SPOJ - QTREE Query on a tree（边权树剖）

You are given a tree (an acyclic undirected connected graph) with N nodes, and edges numbered 1, 2, 3…N-1.

We will ask you to perfrom some instructions of the following form:

CHANGE i ti : change the cost of the i-th edge to ti
or
QUERY a b : ask for the maximum edge cost on the path from node a to node b
Input
The first line of input contains an integer t, the number of test cases (t <= 20). t test cases follow.

For each test case:

In the first line there is an integer N (N <= 10000),
In the next N-1 lines, the i-th line describes the i-th edge: a line with three integers a b c denotes an edge between a, b of cost c (c <= 1000000),
The next lines contain instructions “CHANGE i ti” or “QUERY a b”,
The end of each test case is signified by the string “DONE”.
There is one blank line between successive tests.

Output
For each “QUERY” operation, write one integer representing its result.

spo就绝对是最让人自闭的oj！
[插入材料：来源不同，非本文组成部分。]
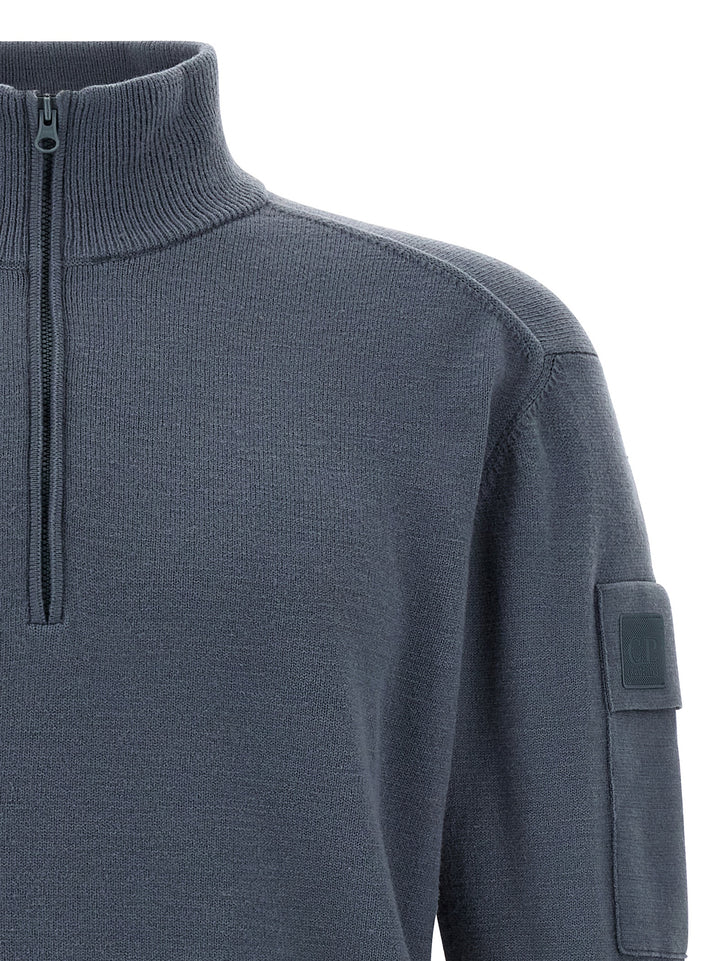 C.P. Company Half Zip Sweater Sweaters and Cardigans - Blue | 7a5a2b0b950497cab917e146b31752b2815487ff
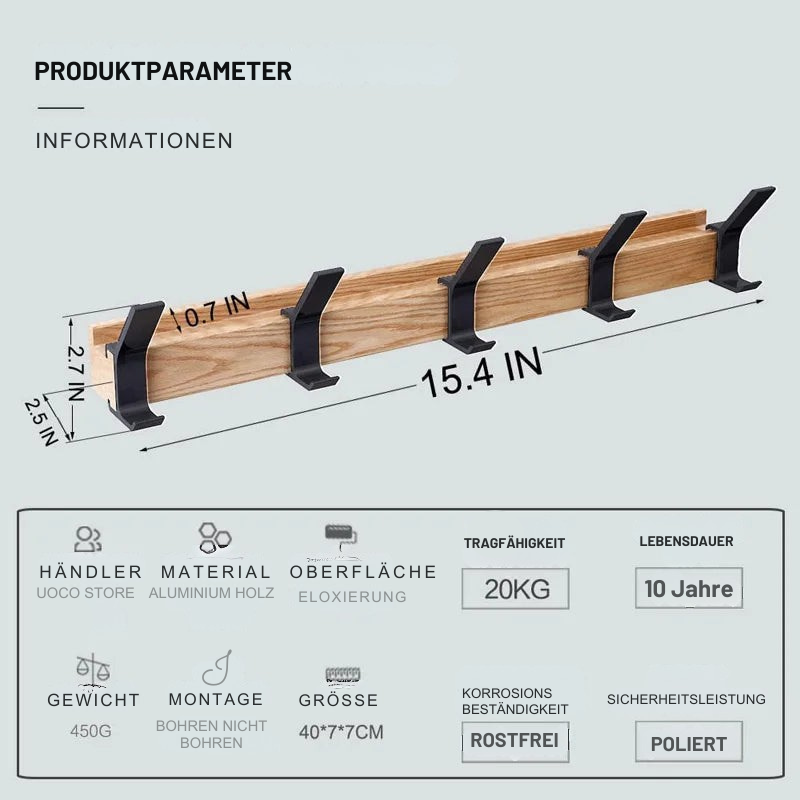 Nástenný vešiak Nordia – Funkčný dizajn stretáva škandinávsku eleganciu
！！！！！！！

ac代码：

#include<bits/stdc++.h>
using namespace std;

const int maxn = 10005;

struct Edge {
	int u, v, w;
} e[maxn];

vector<int> G[maxn];

int tot;
int sz[maxn], dep[maxn];
int ch[maxn], fa[maxn];
int top[maxn], tid[maxn];
int sum[maxn << 2];

void dfs1(int u, int f, int d) {
	sz[u] = 1;
	fa[u] = f;
	dep[u] = d;
	for(int i = 0; i < G[u].size(); i++) {
		int v = G[u][i];
		if(v == f) {
			continue;
		}
		dfs1(v, u, d + 1);
		sz[u] += sz[v];
		if(ch[u] == -1 || sz[v] > sz[ch[u]]) {
			ch[u] = v;
		}
	}
}

void dfs2(int u, int tp) {
	top[u] = tp;
	tid[u] = ++tot;
	if(ch[u] == -1) {
		return;
	}
	dfs2(ch[u], tp);
	for(int i = 0; i < G[u].size(); i++) {
		int v = G[u][i];
		if(v != ch[u] && v != fa[u]) {
			dfs2(v, v);
		}
	}
}

void pushUp(int i) {
	sum[i] = max(sum[i << 1], sum[i << 1 | 1]);
}

void init(int i, int l, int r) {
	sum[i] = 0;
	if(l == r) {
		return;
	}
	int mid = (l + r) >> 1;
	init(i << 1, l, mid);
	init(i << 1 | 1, mid + 1, r);
}

void update(int i, int l, int r, int pos, int val) {
	if(l == r) {
		sum[i] = val;
		return;
	}
	int mid = (l + r) >> 1;
	if(pos <= mid) {
		update(i << 1, l, mid, pos, val);
	} else {
		update(i << 1 | 1, mid + 1, r, pos, val);
	}
	pushUp(i);
}


int query(int i, int l, int r, int L, int R) {
	if(l >= L && r <= R) {
		return sum[i];
	}
	int mid = (l + r) >> 1;
	int a = -1, b = -1;
	if(L <= mid) {
		a = query(i << 1, l, mid, L, R);
	}
	if(R > mid) {
		b = query(i << 1 | 1, mid + 1, r, L, R);
	}
	return max(a, b);
}

int solve(int u, int v, int n) {
	int f1 = top[u], f2 = top[v];
	// 不在同一条链上
	int ans = 0;
	while(f1 != f2) {
		if(dep[f1] < dep[f2]) {
			swap(f1, f2);
			swap(u, v);
		}
		// update(1, 1, n, tid[f1], tid[u], val);
		ans = max(ans, query(1, 1, n, tid[f1], tid[u]));
		// 一点点往上爬
		u = fa[f1];
		f1 = top[u];
	}
	if(u == v) {
		return ans;
	}
	if(dep[u] > dep[v]) {
		swap(u, v);
	}
	// 同一链时，直接更新区间
	// update(1, 1, n, tid[v], tid[u], val);
	return max(ans, query(1, 1, n, tid[ch[u]], tid[v]));
}


int main() {
	int t, n;
	char op[10];
	scanf("%d", &t);
	while(t--) {
		scanf("%d", &n);
		tot = 0;
		memset(ch, -1, sizeof(ch));
		for(int i = 1; i <= n; i++) {
			G[i].clear();
		}

		for(int i = 1; i <= n - 1; i++) {
			scanf("%d%d%d", &e[i].u, &e[i].v, &e[i].w);
			G[e[i].u].push_back(e[i].v);
			G[e[i].v].push_back(e[i].u);
		}

		dfs1(1, 0, 0);
		dfs2(1, 1);
		init(1, 1, n);

		for(int i = 1; i <= n - 1; i++) {
			if(dep[e[i].u] > dep[e[i].v]) {
				swap(e[i].u, e[i].v);
			}
			update(1, 1, n, tid[e[i].v], e[i].w);
		}

		int u, v;
		while(~scanf("%s", op)) {
			if(op[0] == 'D') {
				break;
			}
			scanf("%d%d", &u, &v);
			if(op[0] == 'C') {
				update(1, 1, n, tid[e[u].v], v);
			} else {
				printf("%d\n", solve(u, v, n));
			}
		}
	}
	return 0;
}